TASK DIRECTIONS |
Directions for the data below: repeat exactly the lines from the one with "Life Insurance for Seniors Over 60 Life" through the one with "Petoskey Stone Stof (Fat Quarter)", both included, and omit all pictures.

THE DATA |

============================================================

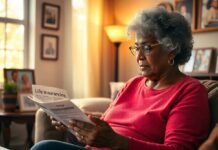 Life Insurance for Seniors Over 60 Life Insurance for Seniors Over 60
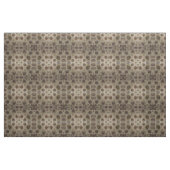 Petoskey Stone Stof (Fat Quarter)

============================================================

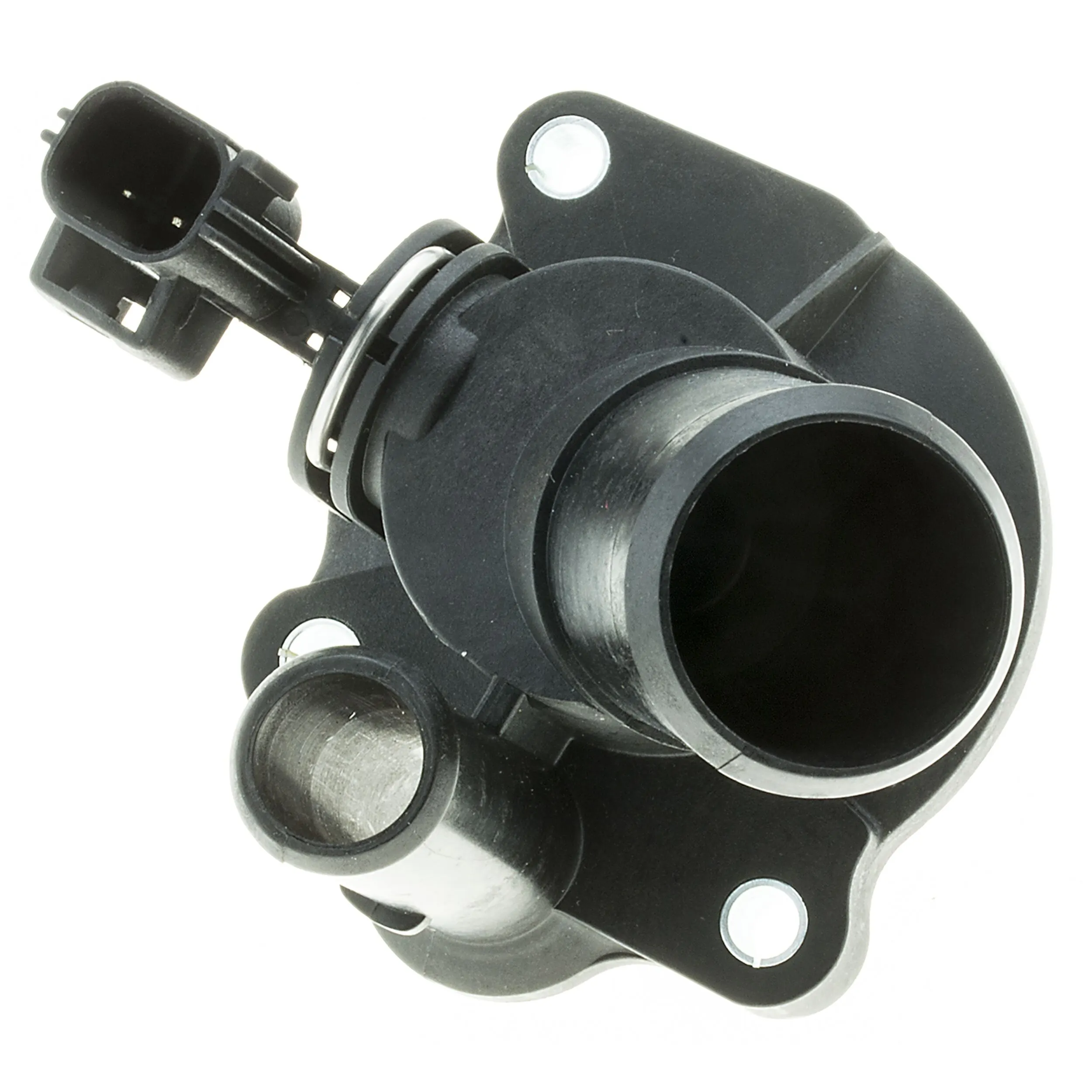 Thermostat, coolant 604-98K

============================================================

REPLY |
 Life Insurance for Seniors Over 60 Life Insurance for Seniors Over 60
 Petoskey Stone Stof (Fat Quarter)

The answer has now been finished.